Aşka, padişahlar bile hased eder (Kıskanır);
Çünkü aşk, gönüllerin ışığıdır.

Ayağını, yedinci kat göğün başına bas;
Çünkü aşk, yücelerdedir.

Aklın başında olmasın;
Çünkü aklı başında olan, aşk meclisinde rezildir (Alçaktır, aşağılıktır), rüsvadır (Ayıplanacak durumda olan, rezil).

Beylik (Rahat yaşam) isteme;
Çünkü meclisin beyi, gözünü kapasa bile görür.

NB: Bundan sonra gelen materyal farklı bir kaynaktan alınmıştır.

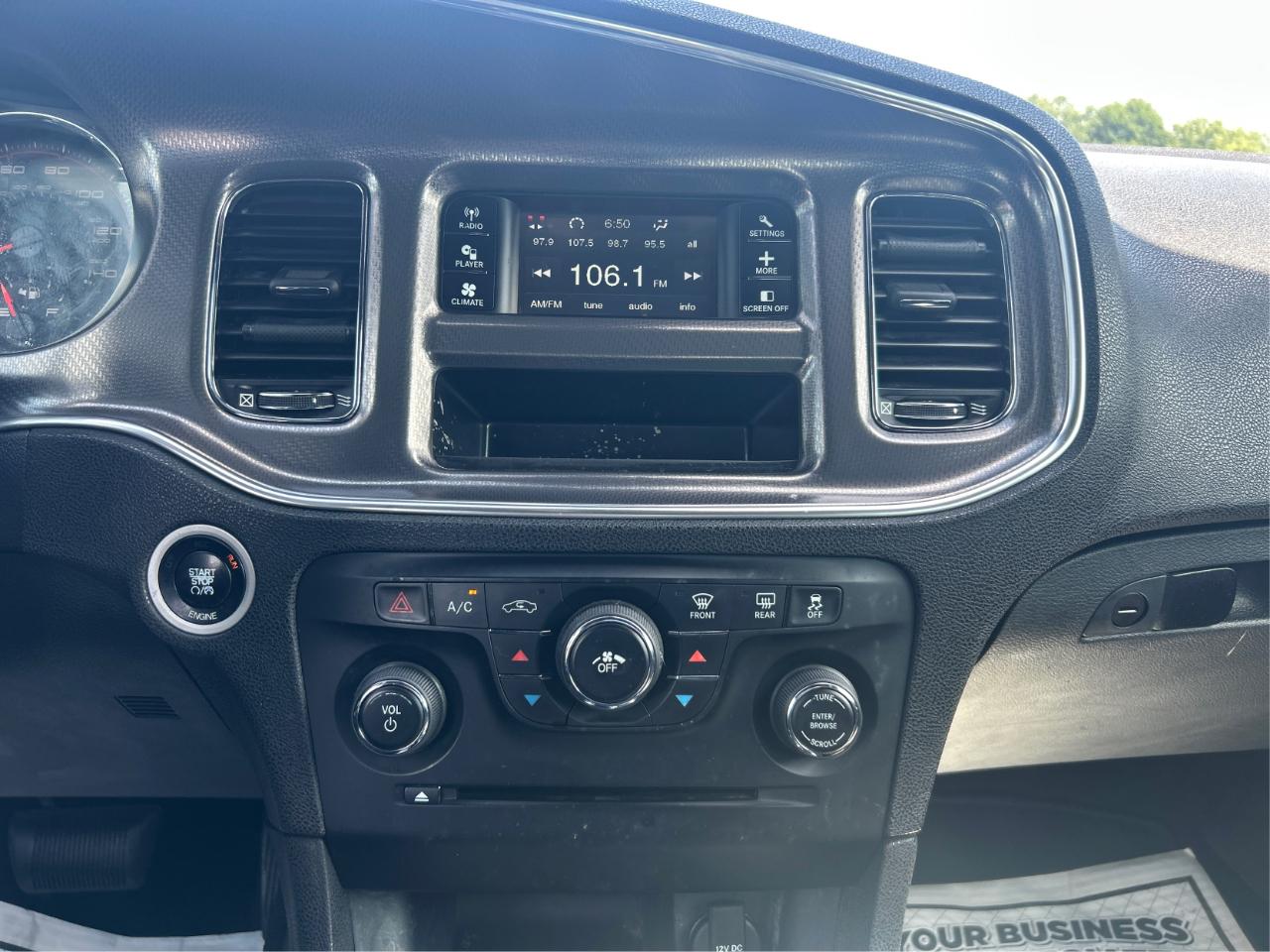 Dodge Charger SE 2014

Aşk, henüz çadırında (Kendini halka göstermiyor);
Fakat ordusunun kopardığı tozu seyret.
                        ***
DİVAN-I KEBİR 5 CİLT MEVLÂNÂ CELÂLEDDİN
Hazırlayan: Abdulbaki GÖLPINARLI
KÜLTÜR BAKANLIĞI YAYINLARI/1385
                        ***
Neler öğrendik;
1.    Allah dostunu tutkulu bir şekilde sevmekle içten gelen bu yanış dumanının herkesin görebileceğini, anlayabileceğini öğrendik.
2.    Aşka düşen kişinin etrafındaki dostlarının, akrabalarının, bildiklerinin, hatta insanın kendi gönlünün bile düşmanlığa, kınamaya başlayacağını öğrendik.
3.    Sıradan insanın madde olarak eline geçene, elinden çıkana değer verdiğinden manaya önemseyenleri kötü iş yapıyorlar, diye söyleyerek ayıpladıklarını, aşık kişinin bu ayıplamanın gerçeğini bildiği için bu kınanmadan kaçmadıklarını öğrendik.
4.    Aşkın gönüllerin ışığı olduğunu, hakikati olduğu gibi görme, yanılmalardan koruduğunu, aşkın yerinin yücelerde olduğunu, herkesin kolayca ulaşamayacağını öğrendik.
5.    Yücelere gidenin aklı başında olursa o topluluk kabul etmeyeceğini, hiçbir neşe ve zevk alamadan aşağıdaki yerine döneceğini öğrendik.
6.    Rahatlık arayanların aşk yolculuğundan çabukça döndürüleceğini öğrendik.
                     *
İşte böyle yaren;
Aşkın özü, esas kuvvetinin gizlice beklediğini, gözlediğini, aşkın erlerinden olan orduların verilen görevi yapacakları yere doğru kendilerini belli ederek gittiklerini öğrendik, anladık.